▶ _Exercise_
Line by line, the data below should be set down unchanged, with images excluded.

Saved data entries:
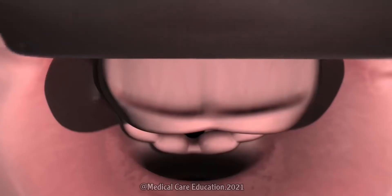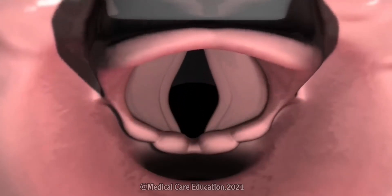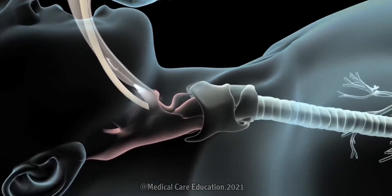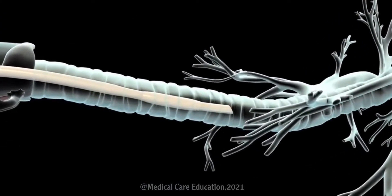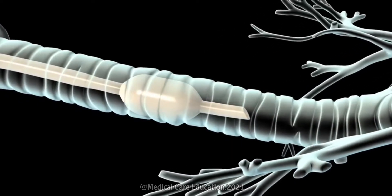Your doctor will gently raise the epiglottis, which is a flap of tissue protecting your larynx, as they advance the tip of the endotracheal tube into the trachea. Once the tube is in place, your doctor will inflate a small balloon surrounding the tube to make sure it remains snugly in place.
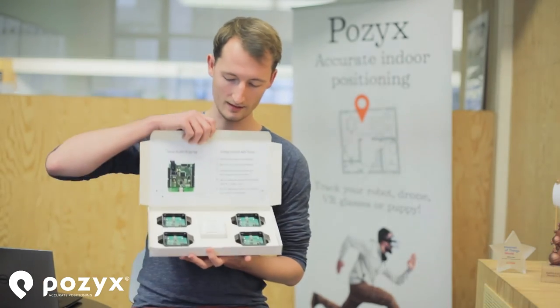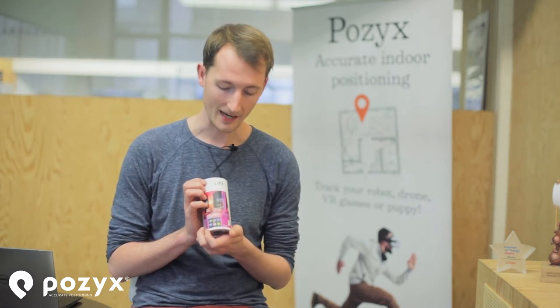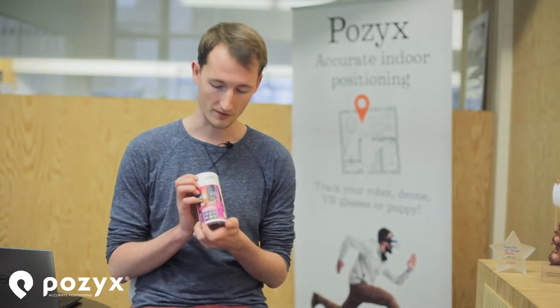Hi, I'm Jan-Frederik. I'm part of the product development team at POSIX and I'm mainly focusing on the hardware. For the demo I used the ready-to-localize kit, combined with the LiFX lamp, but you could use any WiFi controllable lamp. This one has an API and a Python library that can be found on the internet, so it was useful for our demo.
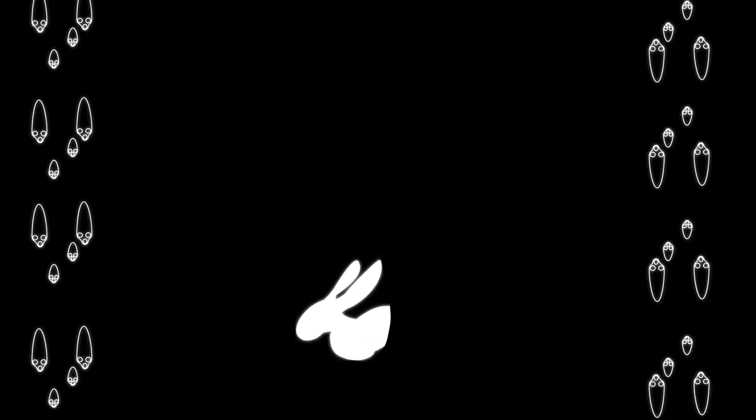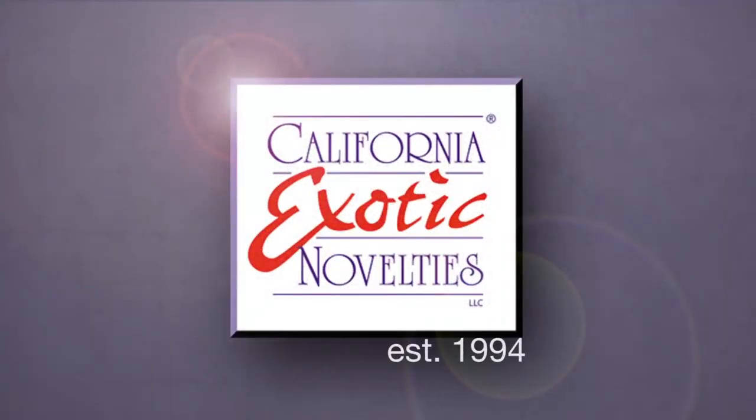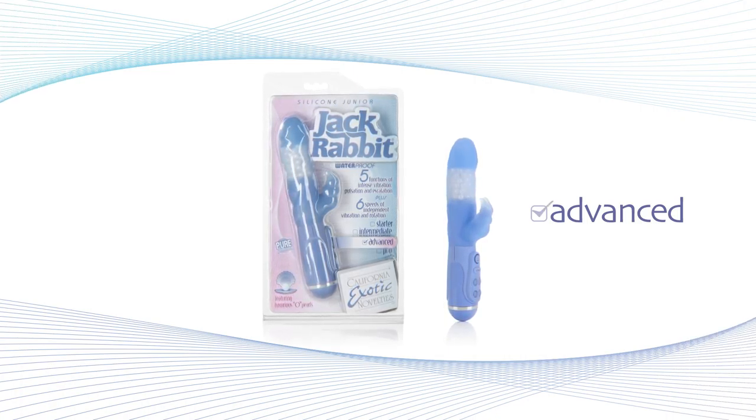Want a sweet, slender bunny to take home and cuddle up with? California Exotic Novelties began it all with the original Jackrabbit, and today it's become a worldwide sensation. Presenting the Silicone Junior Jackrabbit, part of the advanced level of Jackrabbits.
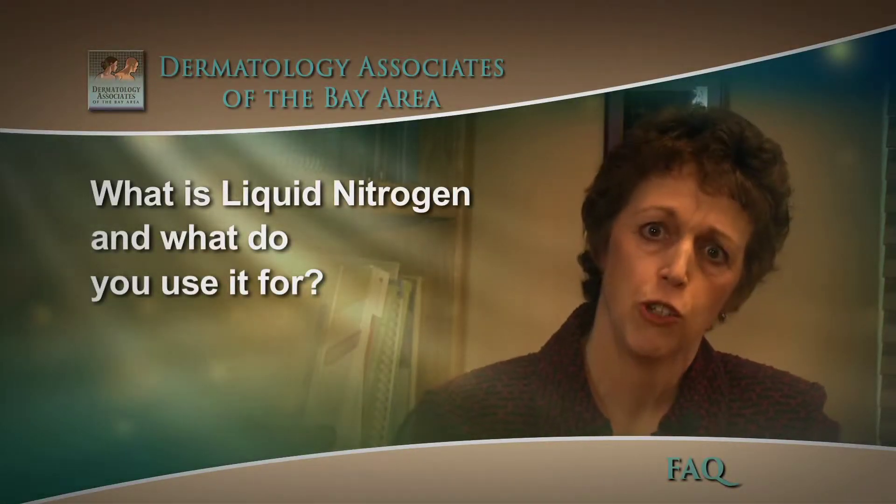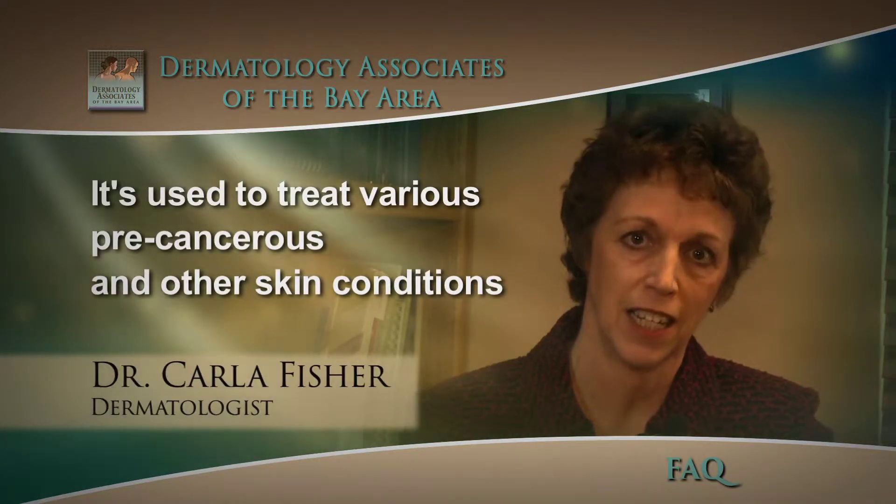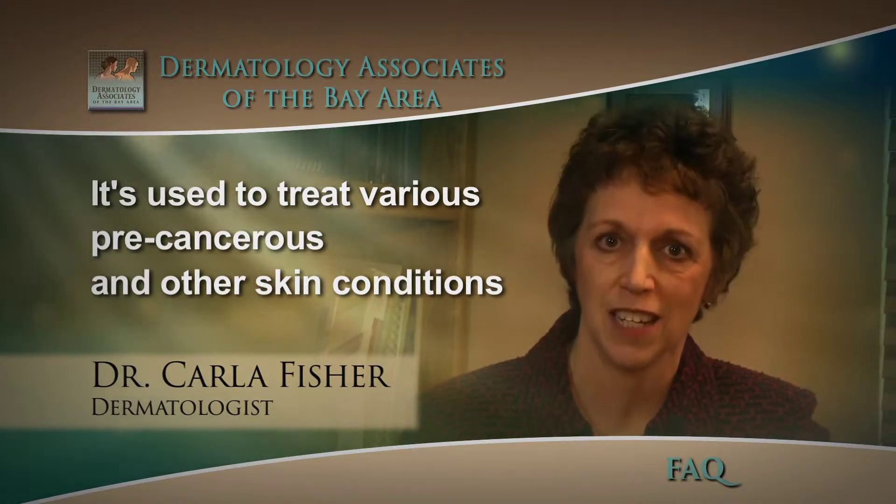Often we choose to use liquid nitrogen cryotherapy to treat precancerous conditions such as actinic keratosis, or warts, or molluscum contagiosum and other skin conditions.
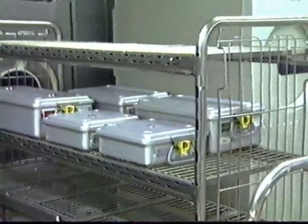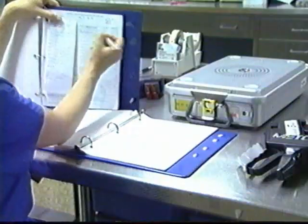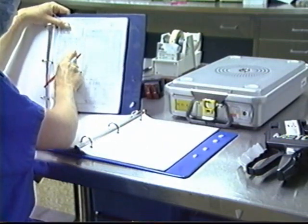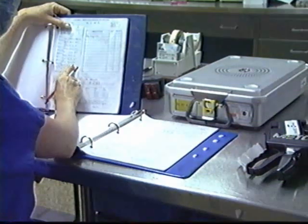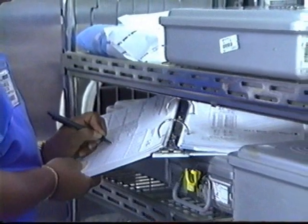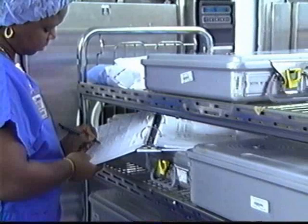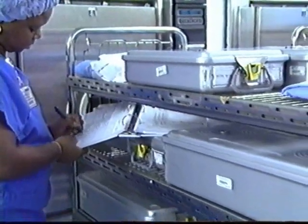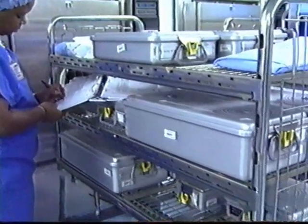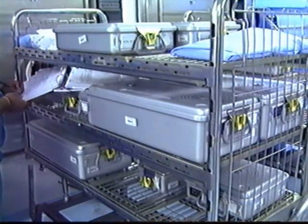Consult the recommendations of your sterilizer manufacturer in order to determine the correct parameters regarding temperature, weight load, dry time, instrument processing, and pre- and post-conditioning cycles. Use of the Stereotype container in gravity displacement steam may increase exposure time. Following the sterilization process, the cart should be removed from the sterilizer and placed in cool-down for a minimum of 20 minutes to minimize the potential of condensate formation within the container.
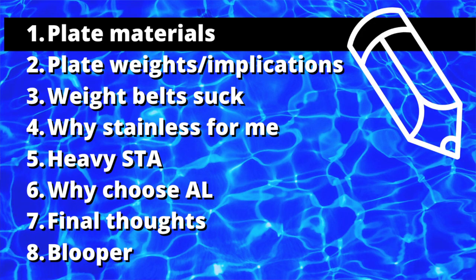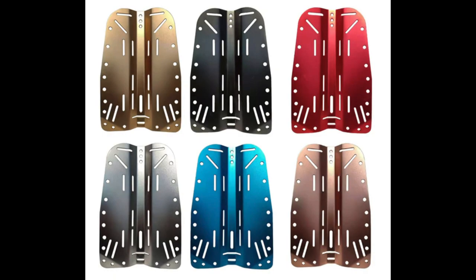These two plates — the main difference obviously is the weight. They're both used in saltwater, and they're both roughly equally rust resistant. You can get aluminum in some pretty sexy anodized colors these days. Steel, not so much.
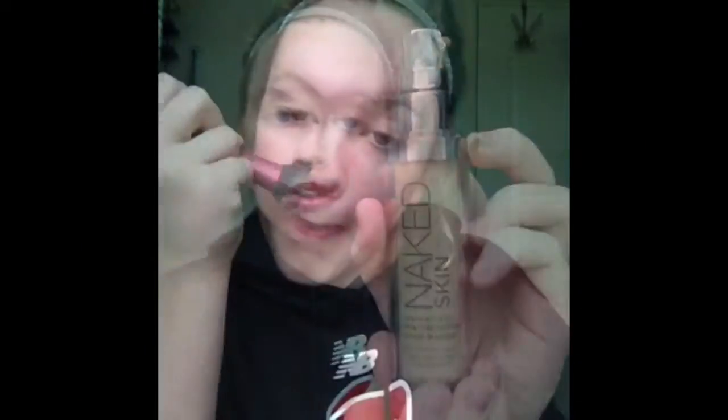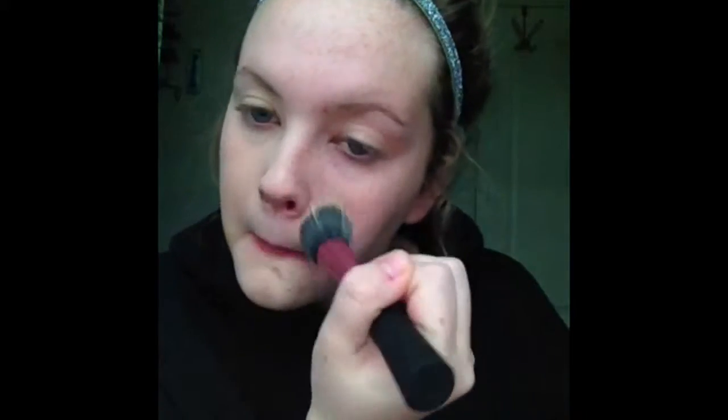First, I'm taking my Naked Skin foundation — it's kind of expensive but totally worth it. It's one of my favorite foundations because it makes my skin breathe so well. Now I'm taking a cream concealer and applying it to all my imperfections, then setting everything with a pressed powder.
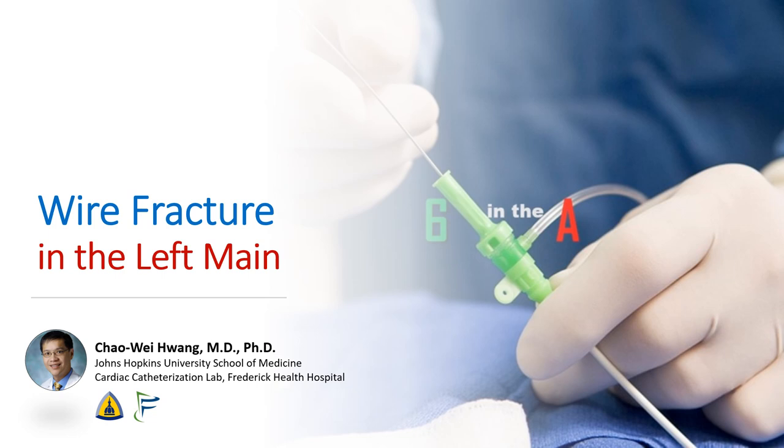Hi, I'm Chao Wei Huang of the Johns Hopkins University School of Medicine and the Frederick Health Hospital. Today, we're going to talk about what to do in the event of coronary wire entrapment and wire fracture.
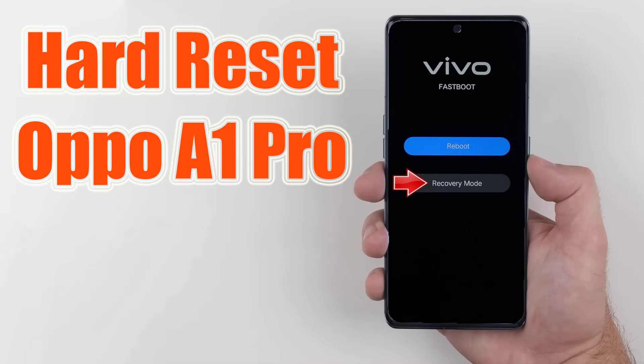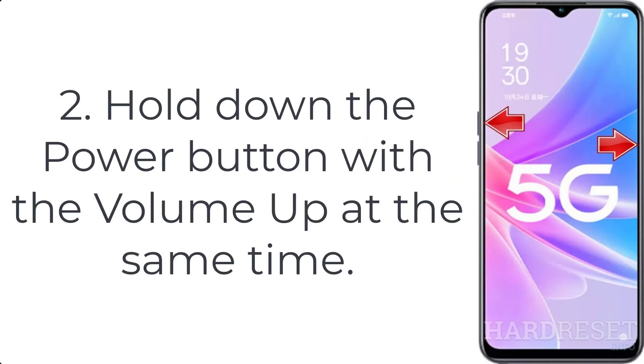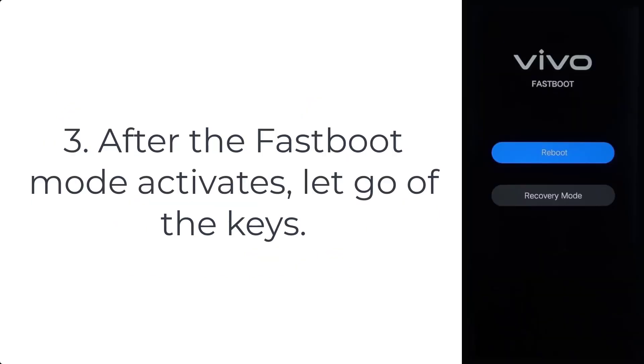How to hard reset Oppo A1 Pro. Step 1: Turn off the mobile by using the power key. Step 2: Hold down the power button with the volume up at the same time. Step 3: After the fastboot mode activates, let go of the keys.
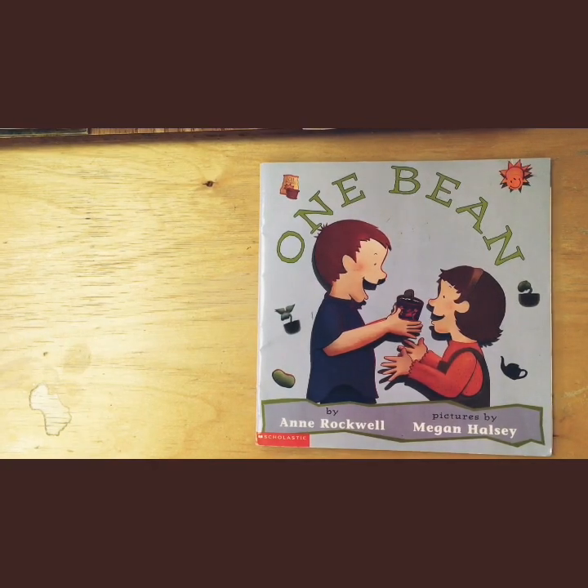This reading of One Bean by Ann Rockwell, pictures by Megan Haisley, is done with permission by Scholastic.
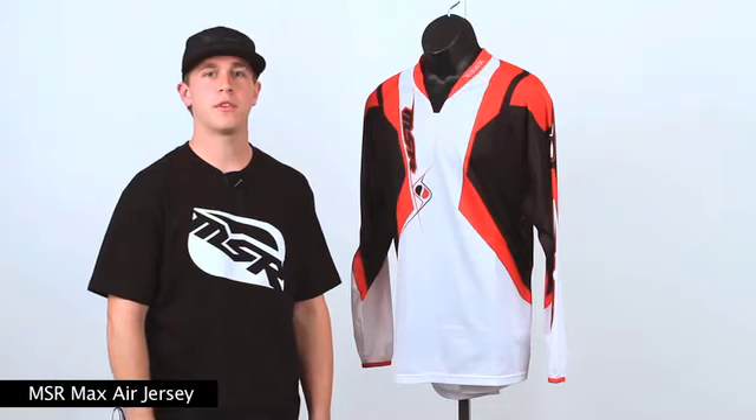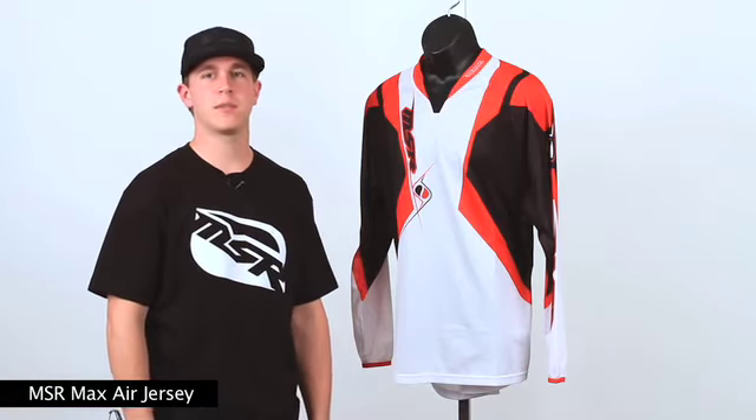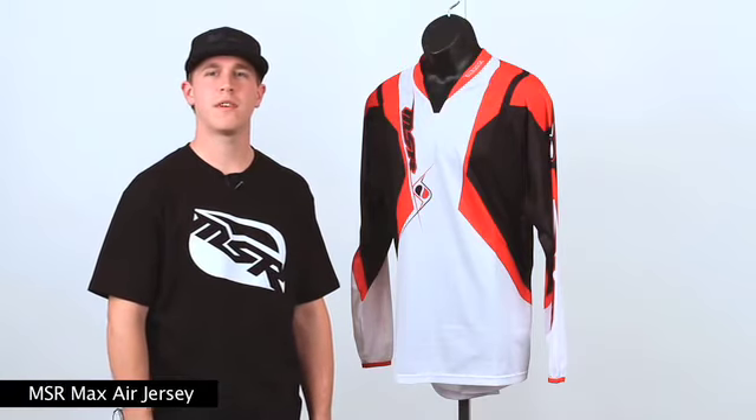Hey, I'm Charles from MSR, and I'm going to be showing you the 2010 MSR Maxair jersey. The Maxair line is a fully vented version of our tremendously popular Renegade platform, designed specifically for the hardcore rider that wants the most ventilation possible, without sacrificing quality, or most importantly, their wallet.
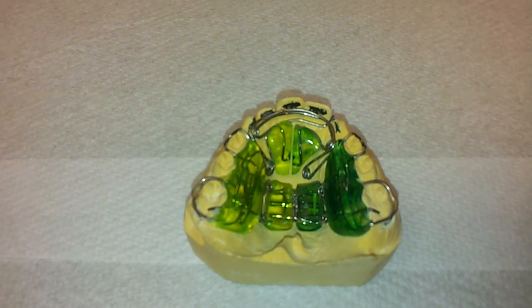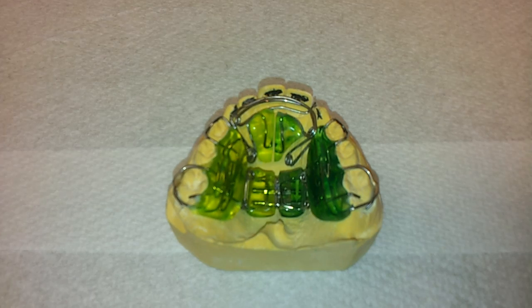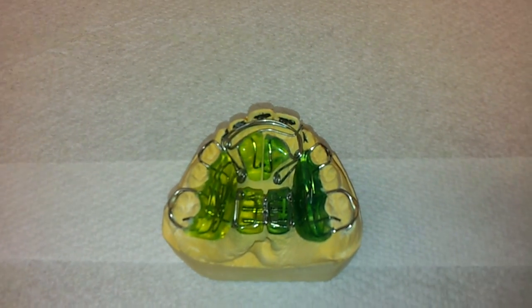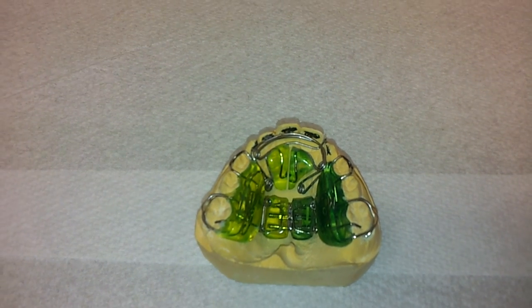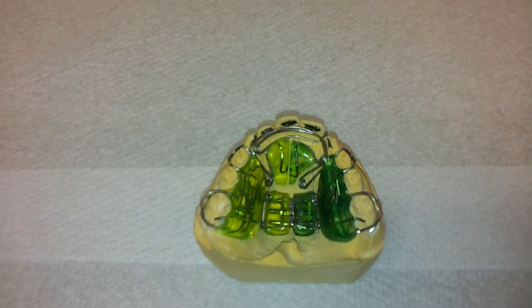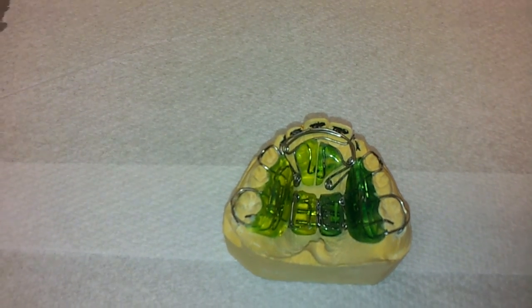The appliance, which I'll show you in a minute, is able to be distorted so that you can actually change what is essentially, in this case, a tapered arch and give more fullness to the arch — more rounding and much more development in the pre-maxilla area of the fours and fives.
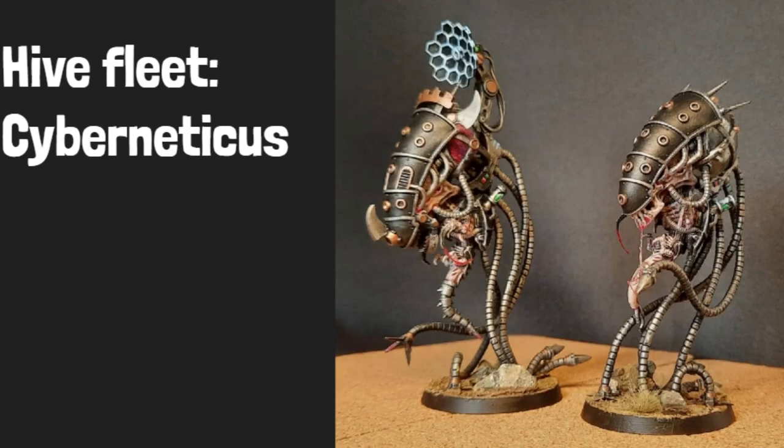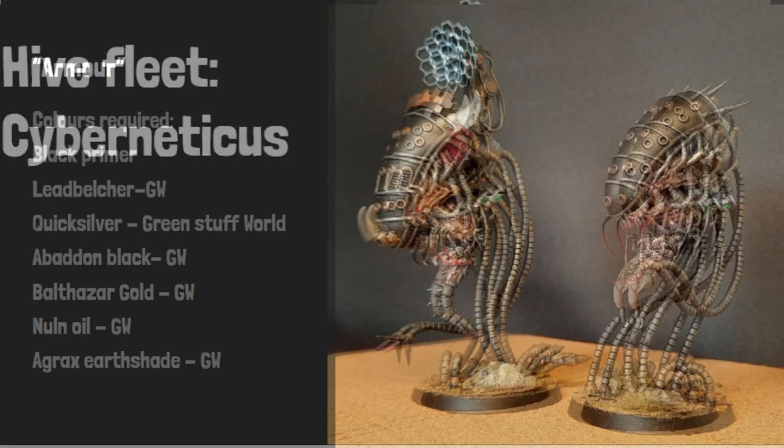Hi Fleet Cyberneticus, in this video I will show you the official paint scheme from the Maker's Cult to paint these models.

▶ _Answer to the problem_
Your doctor will gently raise the epiglottis, which is a flap of tissue protecting your larynx, as they advance the tip of the endotracheal tube into the trachea. Once the tube is in place, your doctor will inflate a small balloon surrounding the tube to make sure it remains snugly in place.
Hi, I'm Jan-Frederik. I'm part of the product development team at POSIX and I'm mainly focusing on the hardware. For the demo I used the ready-to-localize kit, combined with the LiFX lamp, but you could use any WiFi controllable lamp. This one has an API and a Python library that can be found on the internet, so it was useful for our demo.
Want a sweet, slender bunny to take home and cuddle up with? California Exotic Novelties began it all with the original Jackrabbit, and today it's become a worldwide sensation. Presenting the Silicone Junior Jackrabbit, part of the advanced level of Jackrabbits.
Often we choose to use liquid nitrogen cryotherapy to treat precancerous conditions such as actinic keratosis, or warts, or molluscum contagiosum and other skin conditions.
Consult the recommendations of your sterilizer manufacturer in order to determine the correct parameters regarding temperature, weight load, dry time, instrument processing, and pre- and post-conditioning cycles. Use of the Stereotype container in gravity displacement steam may increase exposure time. Following the sterilization process, the cart should be removed from the sterilizer and placed in cool-down for a minimum of 20 minutes to minimize the potential of condensate formation within the container.
These two plates — the main difference obviously is the weight. They're both used in saltwater, and they're both roughly equally rust resistant. You can get aluminum in some pretty sexy anodized colors these days. Steel, not so much.
First, I'm taking my Naked Skin foundation — it's kind of expensive but totally worth it. It's one of my favorite foundations because it makes my skin breathe so well. Now I'm taking a cream concealer and applying it to all my imperfections, then setting everything with a pressed powder.
Hi, I'm Chao Wei Huang of the Johns Hopkins University School of Medicine and the Frederick Health Hospital. Today, we're going to talk about what to do in the event of coronary wire entrapment and wire fracture.
How to hard reset Oppo A1 Pro. Step 1: Turn off the mobile by using the power key. Step 2: Hold down the power button with the volume up at the same time. Step 3: After the fastboot mode activates, let go of the keys.
This reading of One Bean by Ann Rockwell, pictures by Megan Haisley, is done with permission by Scholastic.
Hey, I'm Charles from MSR, and I'm going to be showing you the 2010 MSR Maxair jersey. The Maxair line is a fully vented version of our tremendously popular Renegade platform, designed specifically for the hardcore rider that wants the most ventilation possible, without sacrificing quality, or most importantly, their wallet.
The appliance, which I'll show you in a minute, is able to be distorted so that you can actually change what is essentially, in this case, a tapered arch and give more fullness to the arch — more rounding and much more development in the pre-maxilla area of the fours and fives.
Hi Fleet Cyberneticus, in this video I will show you the official paint scheme from the Maker's Cult to paint these models.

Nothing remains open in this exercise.